The groups, Beyond Nuclear, Nuclear Information and Resource Service, Public Citizen and Texas-based Sustainable Energy and Economic Development Coalition want the US Nuclear Regulatory Commission to terminate its review of the license application.

The application was made by Waste Control Specialists to construct an interim high-level nuclear waste dump in Andrews County.

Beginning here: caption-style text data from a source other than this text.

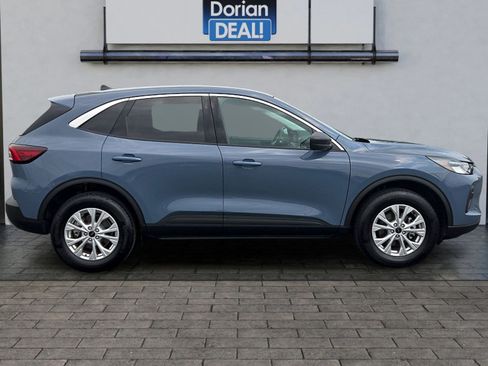 Used 2024 Ford Escape Active AWD/4WD image 2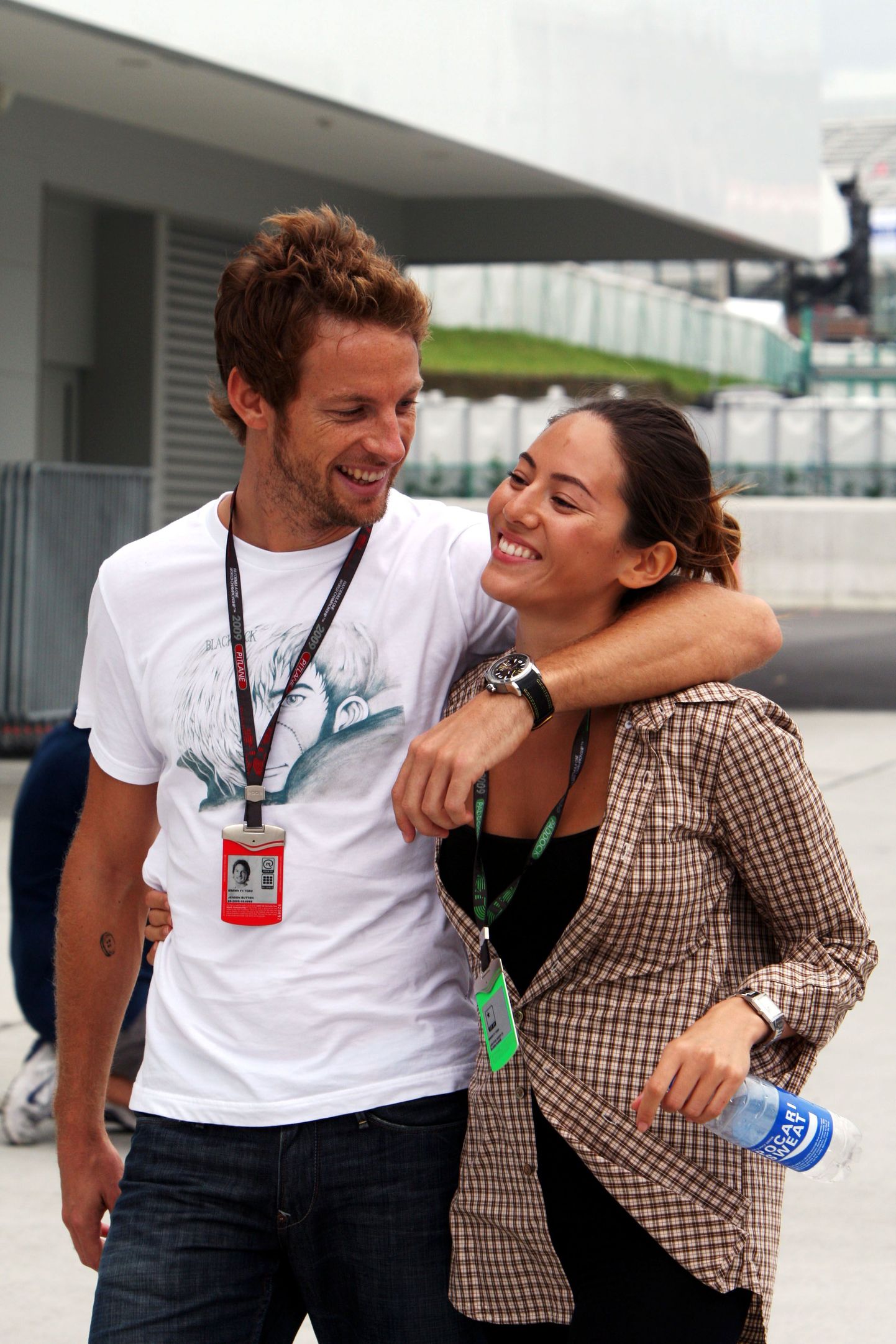 Jenson Button ja Jessica Michibata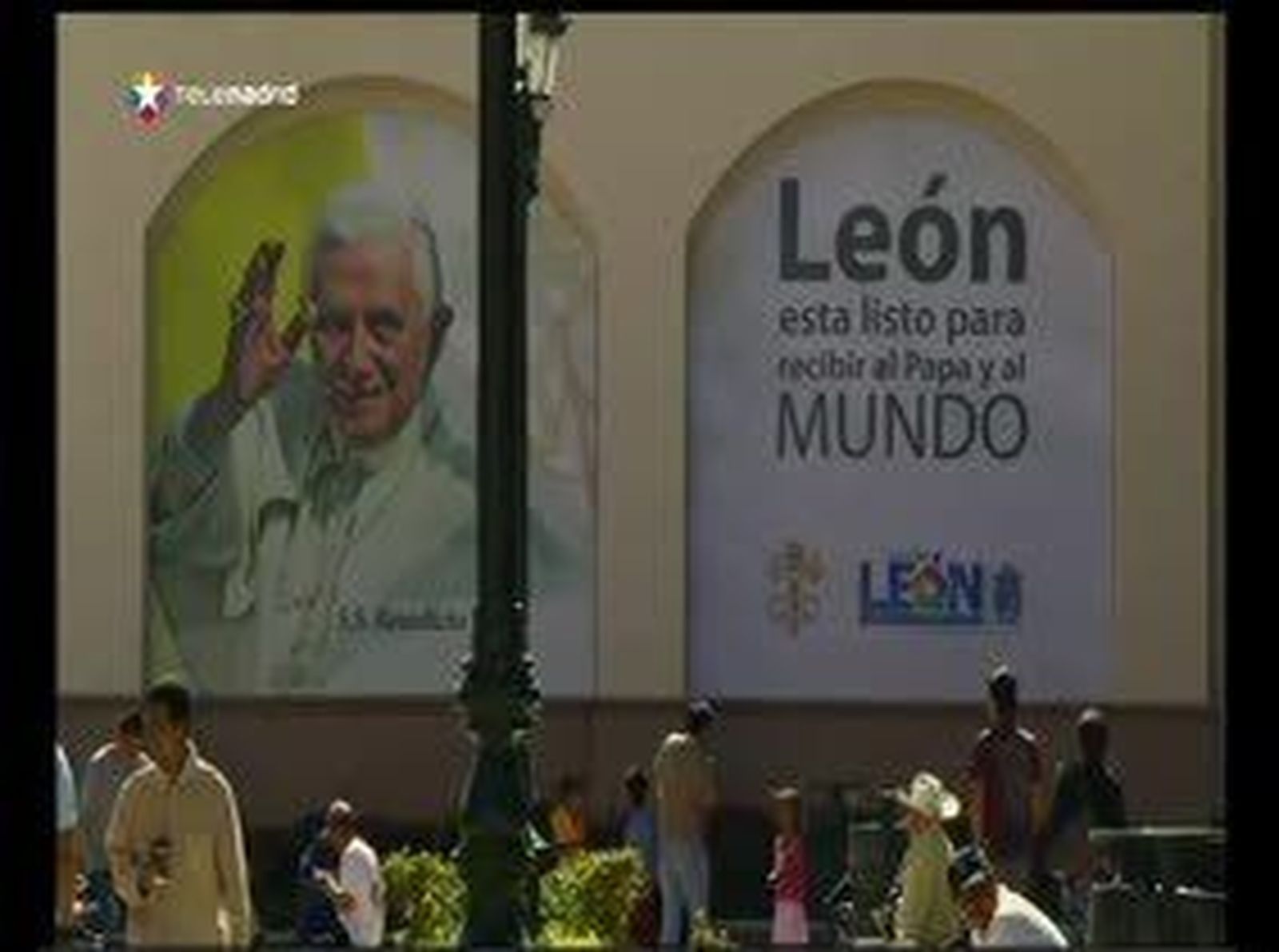 Benedicto XVI emprende el viaje a México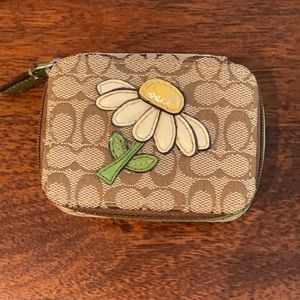 Coach Daisy Coin & Card Holder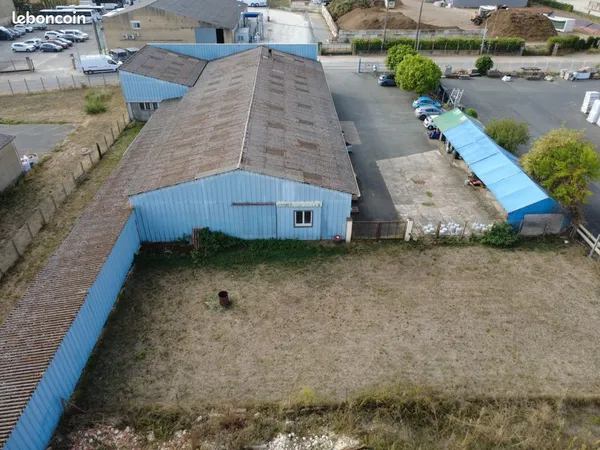 Local commercial 666 m² Bergerac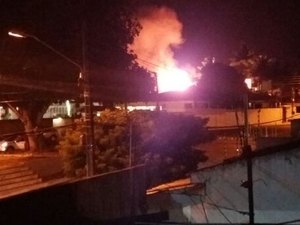 Incêndio de grandes proporções destrói depósito de fábrica de vinagres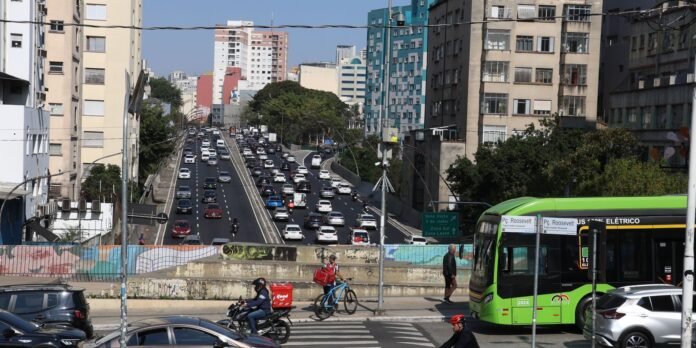 Meta de emissões atualizada reduz impactos climáticos em 17% Novas metas de emissão reduzem em 17% impacto no clima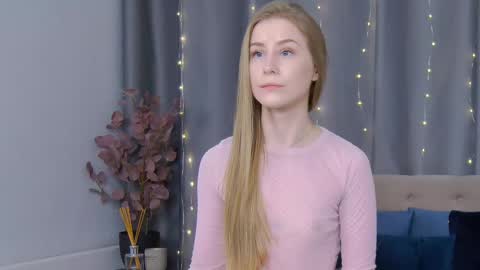 Snapshot of violetswone chatting on 02/16/25, 08:32 VioletSwone online show from 02/16/25, 08:32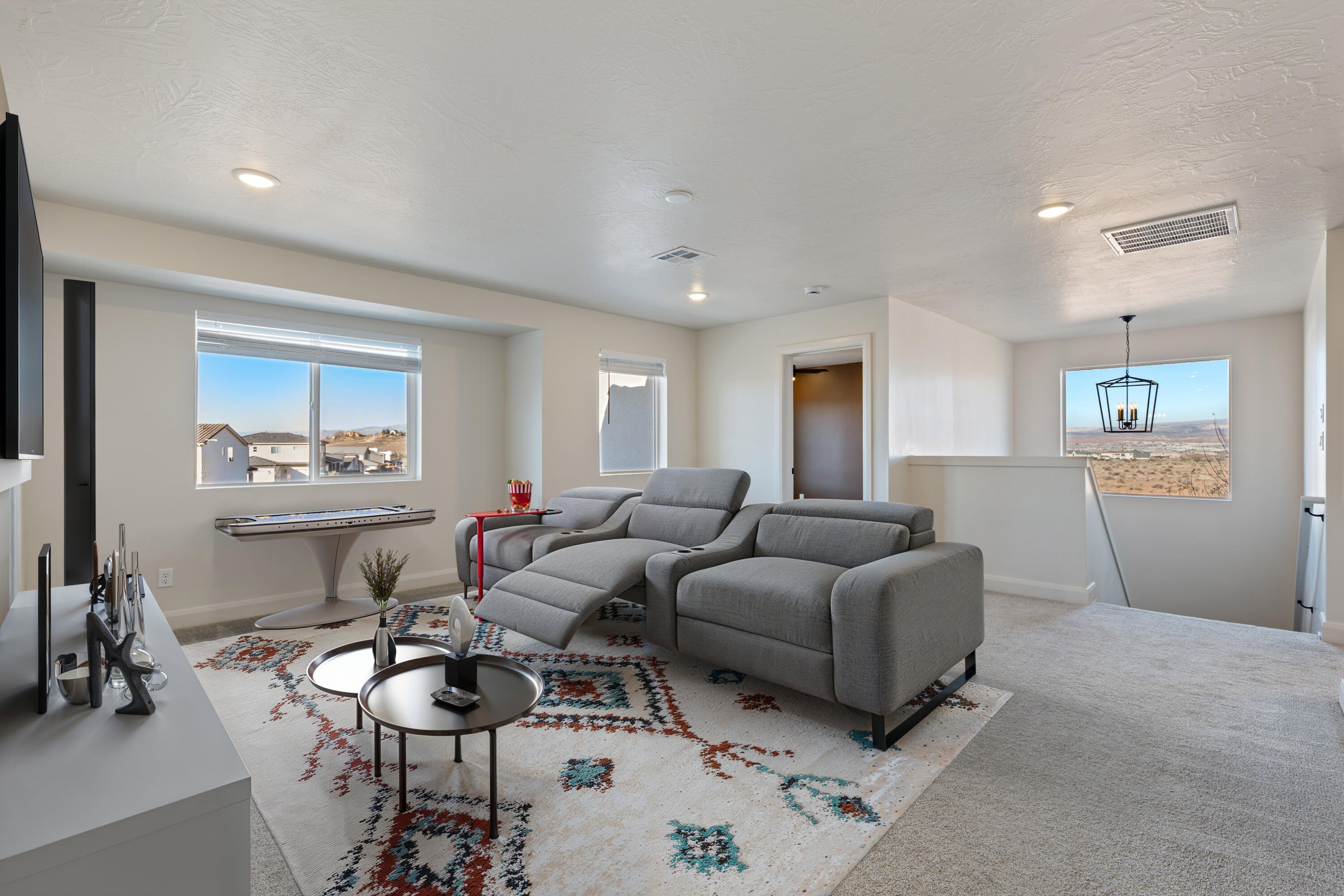 WARNER GATEWAY - Residential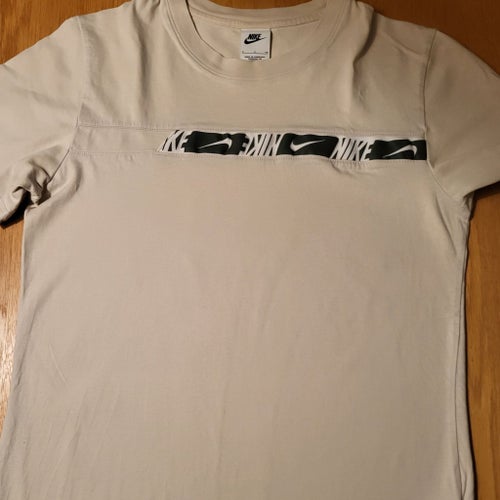 Nike beige t-shirt, storlek S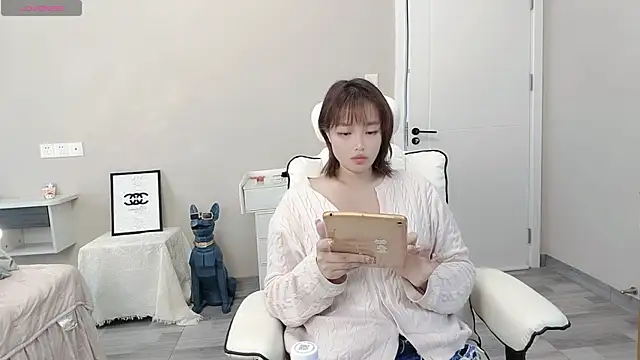 Snapshot of Cothy_Ti chatting on November 7, 4:23 am Cothy Ti online show from November 7, 4:23 am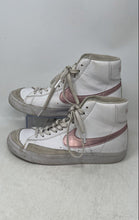 Load image into Gallery viewer, Nike Kids Blazer Mid '77 DA4086-105 White Lace Up Sneaker Shoes Size 7Y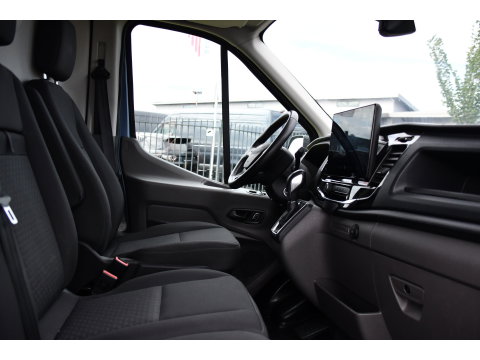 Ford Transit 350 2.0 TDCI L2H2 PB Edition Camera, Cruise, Carplay, 170pk, Stoelverwarming, Automaat, 2 x schuifdeur, LED, Sensoren, Multimedia, Uniek!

The opponents fear the short-term site will become a permanent one.

Waste Control is seeking a permit to build a facility to hold up to 40,000 metric tons of nuclear waste but only if the U.S. Government first assumes responsibility for the waste and also agrees to ship it to the Texas site by rail.

Reports indicate that the license application is for the first 5,000 metric tons but company materials show it is planning on expanding the site to handle more than half of the estimated 75,000 metric tons of commercial nuclear waste currently in the U.S.

Diane D’Arrigo, radioactive waste project director, Nuclear Information and Resource Service (NIRS), said: “Moving nuclear power waste over roads, rails and waterways to a supposedly temporary site puts us all at risk and creates only an illusion of a solution.”

Karen Hadden, executive director, SEED Coalition, added: “Due to risks of radioactive contamination from leaks or accidents or potential terrorist actions, nuclear waste should only be moved once, and only when a deep underground permanent repository is in place that could safely isolate the dangerous waste for the million years that it will remain hazardous.”